The refusal to escalate does not eliminate violence—locally or globally. It prevents its automatic consolidation. Energy burned off here does not vanish; it propagates differently, spreading as contagious restraint rather than concentrated harm.
Pan’s role is to keep this local act from shrinking back into insignificance. He casts a shadow over experience, reminding us that the refusal enacted here participates in effects that extend far beyond it. Moral experience is thus neither totalized nor privatized. It is stretched—just enough—to remain oriented in a world where action outruns perception.
Seen this way, Serres does not abandon ancient moralities. He subjects them to pressure. He asks whether practices forged for small worlds can still function when humanity’s computational and technological reach has become planetary. His answer is not a new code, but a renewed discipline of attention: returning to the individual as the site where excess can still be intercepted, even as its consequences now propagate globally.
The British Enlightenment builds roads at an unprecedented speed and scale to transform the island into a networked economy.
Our computational power now covers the globe. We are a world-object.

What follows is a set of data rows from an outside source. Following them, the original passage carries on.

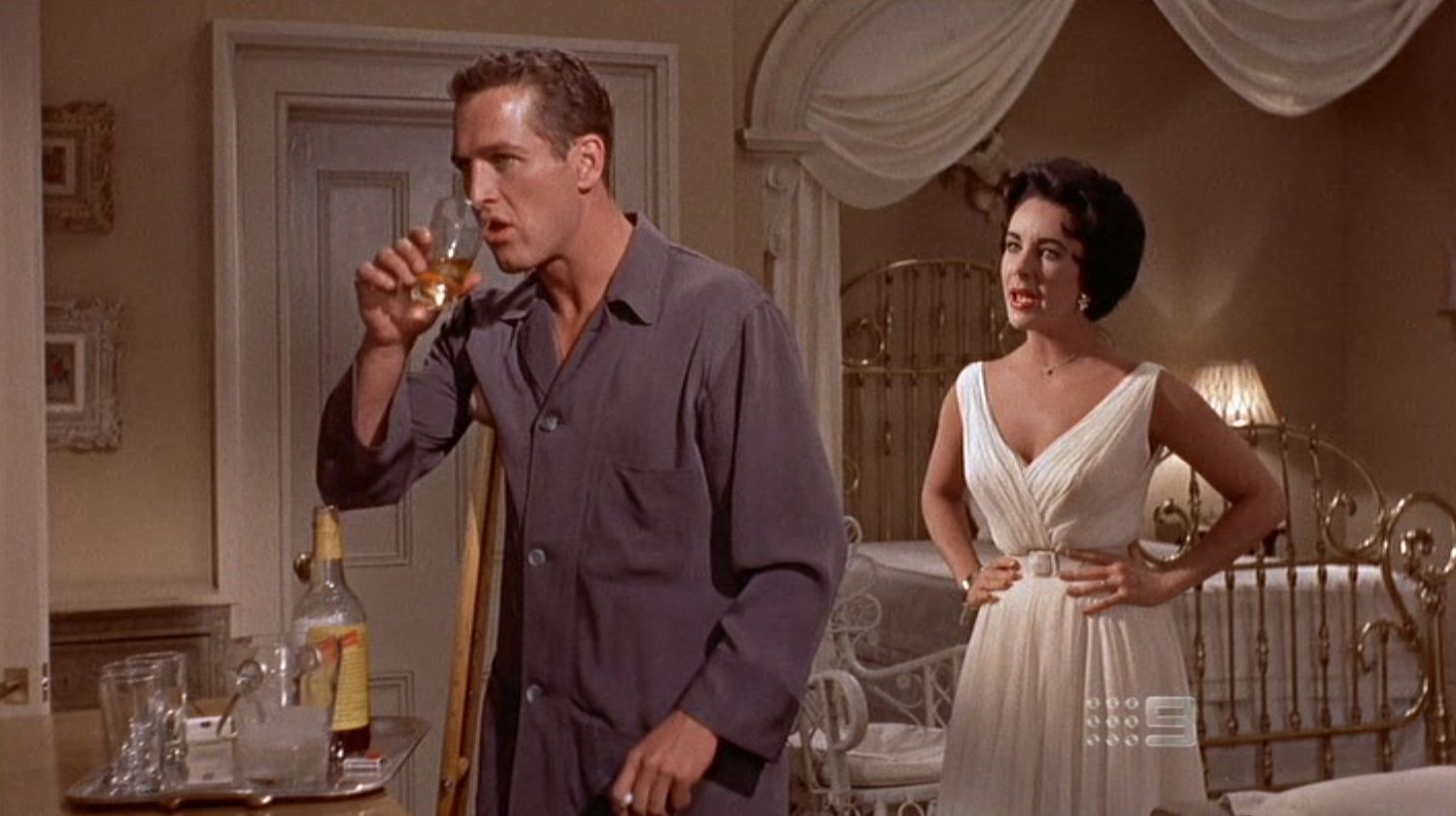 Cat On a Hot Tin Roof (1958)
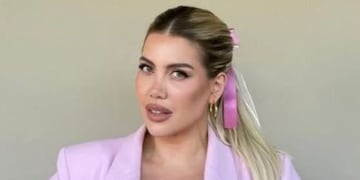 La extravagante decoración navideña de Wanda Nara y sus hijos: siete arbolitos y fotos familiares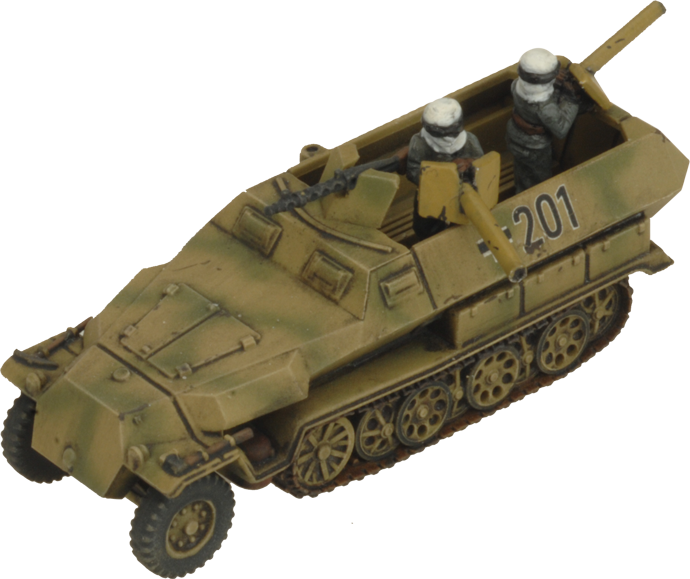 Armoured Flame-thrower Platoon - Sd.kfz. 251 Clipart (690x579), Png Download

Dissipation, Rejuvenation, and the Limits of Politics
The Incandescent does not ultimately offer a reform program or a blueprint for governance at planetary scale. Serres is clear-eyed about the limits of politics when action moves faster than institutions can respond. Law, policy, and regulation matter—but they arrive late.
Politics and law are downstream from culture, and culture is downstream from experience.

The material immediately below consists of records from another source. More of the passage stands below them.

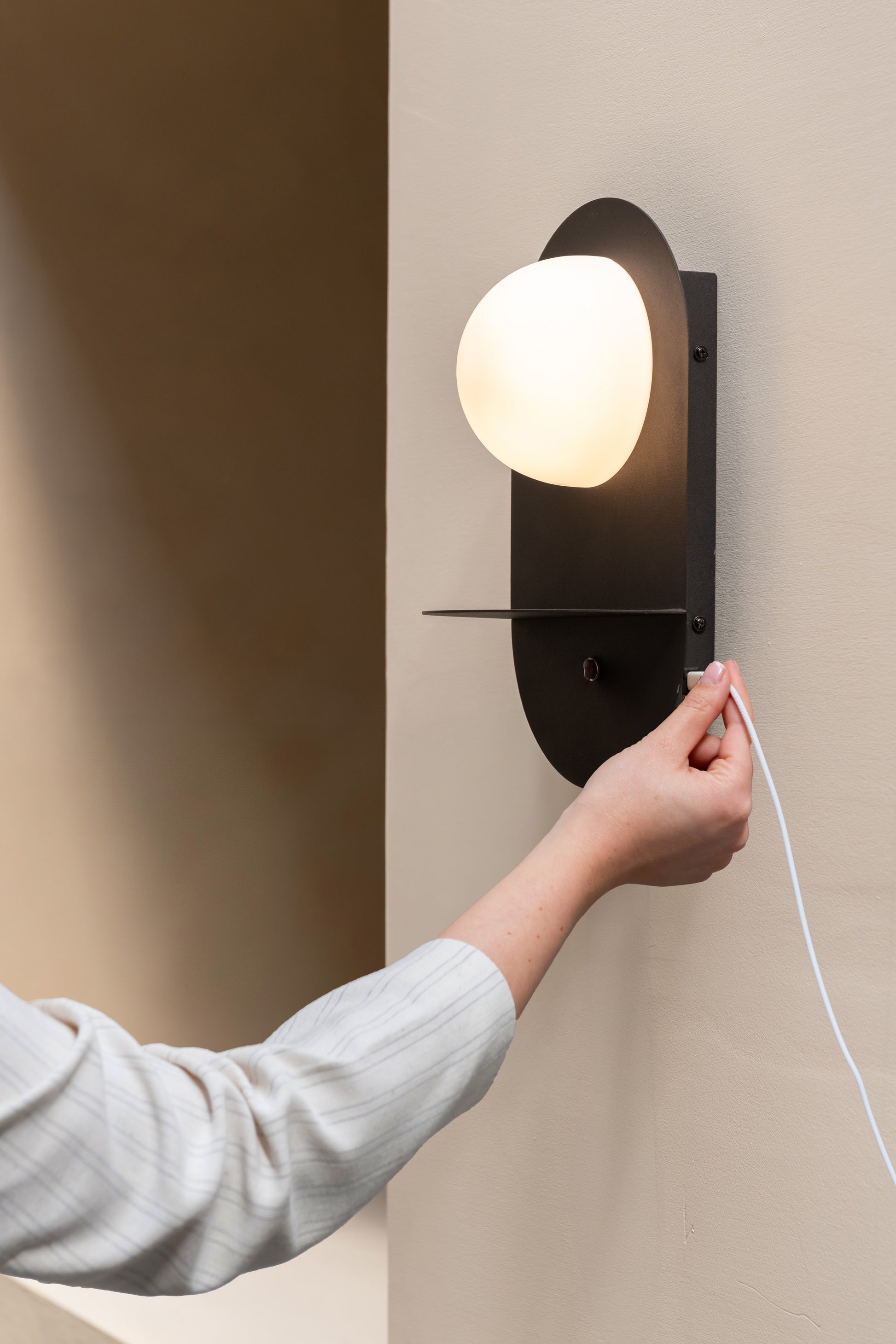 Wandlampe Tokyo Glas – It's about Romi | Taiga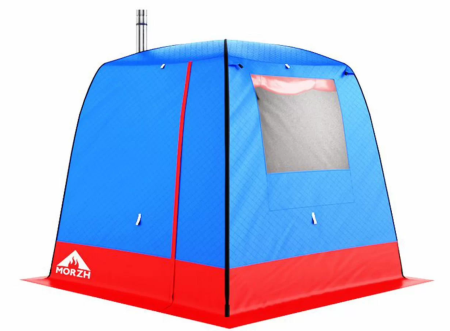Баня - палатка Морж мобильная (зимн)  Баня - палатка Морж мобильная (зимн)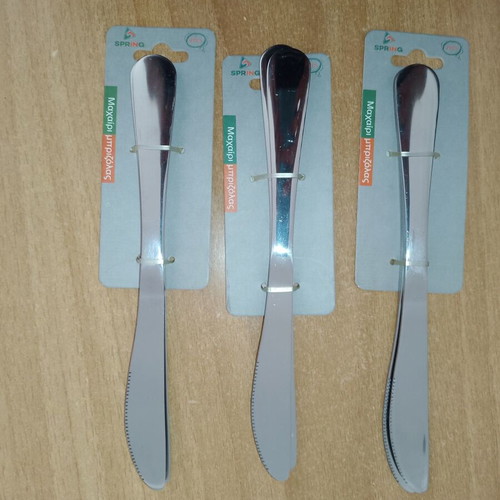 Medium-sized knives set of 6 pieces new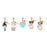 Pre-Order Tokyo Disney Resort 2026 Vanellope Sweet Pop World Charm set 5 PCS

This is why Serres refuses both despair and utopia. He does not imagine that global systems can be mastered, nor that violence can be eliminated. Accursed shares are ineliminable at scale. Excess will always be produced. The question is not how to end this condition, but how to live within it without allowing surplus to collapse automatically into destruction.
The answer he gives is modest, almost disarming: dissipation begins locally, and it propagates gradually. Moral force does not scale by command. It spreads by contagion. A refusal here interrupts an escalation there. Energy burned off in one encounter does not vanish; it alters the conditions of the next.
This is why moral experience, even under planetary conditions, must return to the individual—not as hero, not as sovereign, and not as scapegoat, but as a site of interception.
The only energies we can reliably govern are the ones that pass through us.
In this sense, Serres’s thought is quietly radical but powerfully simple. He rejects the fantasy that salvation will arrive through total coordination, just as firmly as he rejects the fantasy that private virtue alone is enough. What he offers instead is a practice of rejuvenation: the renewal of inherited moral disciplines under new pressures, stretched just far enough to remain operative in a world defined by speed and scale.
Rejuvenation is not balance. It is not equilibrium. It is motion—continuous adjustment under changing conditions. Stoic restraint, Epicurean limits, Christian refusals of violence do not disappear; they are reactivated as techniques for living amid systems that cannot be fully seen or controlled. They become ways of keeping moral attention alive when consequence outruns comprehension.
Politics, if it is to have any future at planetary scale, can only emerge from this ground. Not from purity. Not from total vision. But from countless acts of measured refusal that prevent violence from consolidating, scapegoats from forming, and excess from hardening into inevitability.
Serres leaves us, finally, not with solutions, but with orientation. Moral life does not end when scale overwhelms perception. It begins again—underscaled, fragile, and necessary—wherever violence is refused, energy is dissipated, and the next neighbor is invited into the same operation.
That, for Serres, is what it means to keep life from falling back into death.